Dziś będzie post wyjątkowo osobisty. Zebrało mi się.
Nigdy, odkąd pamiętam, nie byłam zwolenniczką Niepodważalnych Reguł. Jakichś świętych tekstów, przekazywanych z matki na córkę, których żywa niegdyś mądrość dawno zwietrzała na proch. Moralnych skryptów, pełnych mętnego mambo-dżambo. Namaszczonych memów o zatartym bezpowrotnie sensie, którego nikt nie docieka.
W związku z tym był ze mną problem.
* * *
– Dlaczego muszę chodzić do kościoła?
– Ale idź, idź. Zobacz, Ania idzie. Przecież tam jest bardzo fajnie.
– Wcale nie jest fajnie. Za każdym razem umieram z nudów.
– Jak ja byłam w twoim wieku, to bardzo lubiłam chodzić do kościoła.
– Czemu teraz nie pójdziesz?
– Oj, bo…nie mam się w co ubrać.
* * *
– Podziękuj ładnie za prezent babci. Trzeba być wdzięczną.
– Ale ja nie chciałam tego dostać. To jest brzydkie. Okropne.
* * *
Z przyjemnością uwiłabym sobie legendę młodocianego buntownika. Niestety, jako dziecko byłam zbyt stłamszona i przerażona, by serio kontestować choćby najgłupsze pomysły dorosłych. Wyraziwszy nieśmiały protest – ot, pierdnięcie myszy – dreptałam tedy jeszcze jakiś czas do kościółka, gdzie szczęka wichnęła mi się od ziewania. Półgębkiem, na odczepnego dziękowałam za bezsensowny prezent. Kuliłam się w oczekiwaniu na cios – w domu, w szkole, zawsze – i hodowałam w sobie niechęć, jak odłamek szkła w ranie. Weszłam w dorosłe życie napompowana negatywnymi konotacjami odnośnie Nienaruszalnych Zasad i tych, którzy ich z upodobaniem przestrzegają.

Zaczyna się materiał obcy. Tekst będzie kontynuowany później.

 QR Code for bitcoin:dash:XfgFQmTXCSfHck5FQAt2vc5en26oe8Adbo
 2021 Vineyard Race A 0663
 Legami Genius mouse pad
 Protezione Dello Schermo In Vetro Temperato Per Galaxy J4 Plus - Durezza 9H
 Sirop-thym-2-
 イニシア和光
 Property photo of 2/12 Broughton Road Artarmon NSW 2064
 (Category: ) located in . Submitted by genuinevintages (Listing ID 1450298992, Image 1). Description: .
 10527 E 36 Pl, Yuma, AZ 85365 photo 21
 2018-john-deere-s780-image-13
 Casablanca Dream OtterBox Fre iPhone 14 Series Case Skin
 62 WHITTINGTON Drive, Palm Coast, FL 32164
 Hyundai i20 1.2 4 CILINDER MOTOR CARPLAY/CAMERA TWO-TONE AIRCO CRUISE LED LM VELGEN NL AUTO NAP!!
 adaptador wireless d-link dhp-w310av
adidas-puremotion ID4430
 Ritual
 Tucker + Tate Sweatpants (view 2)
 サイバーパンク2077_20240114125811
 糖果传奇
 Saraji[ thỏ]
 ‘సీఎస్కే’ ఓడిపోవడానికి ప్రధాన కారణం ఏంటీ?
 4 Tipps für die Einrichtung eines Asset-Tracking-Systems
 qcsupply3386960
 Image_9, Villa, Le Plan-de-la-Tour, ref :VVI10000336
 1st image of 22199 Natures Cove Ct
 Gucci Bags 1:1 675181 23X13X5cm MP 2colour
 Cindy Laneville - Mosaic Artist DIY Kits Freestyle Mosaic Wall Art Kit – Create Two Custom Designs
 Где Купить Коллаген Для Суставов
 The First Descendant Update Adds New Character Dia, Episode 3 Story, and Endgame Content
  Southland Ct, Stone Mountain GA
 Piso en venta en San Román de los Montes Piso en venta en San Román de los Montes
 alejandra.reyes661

Byli dla mnie nudziarzami bez wyobraźni i polotu. W najlepszym razie. W najgorszym – ludźmi, którzy lubią tłamsić innych ludzi.
(Wiecie, dwanaście lat później jestem przekonana, że aż tak bardzo się znowu nie pomyliłam.)
Być może dlatego tak trudno mi było (jest) ustanowić własne. Reguły, granice nie do przekroczenia. Samo słowo „reguła” trąci mi faszyzmem.
Przez lata miałam skłonność, by przyjmować wszystko, co mi się przytrafia, jako słuszne. Że to na pewno moja wina. Że najwyraźniej zasłużyłam.
Jakiś czas temu skończyłam trzy dychy. I zaczęło do mnie docierać, że ludzie bywają: a) bezmyślni, b) okrutni c) popieprzeni; czasem zaś wszystko to naraz. Że to, co mi czynią, niekoniecznie dotyczy właśnie mnie. Nadal sobie z tym nie radzę. Próbuję, ale efekta są mizerne. Zmuszono mnie, bym zaczęła odróżniać gwiazdy od odbicia na powierzchni stawu, zaś dobre maniery od dobrego serca. Gorzka wiedza zazwyczaj przydaje się najbardziej.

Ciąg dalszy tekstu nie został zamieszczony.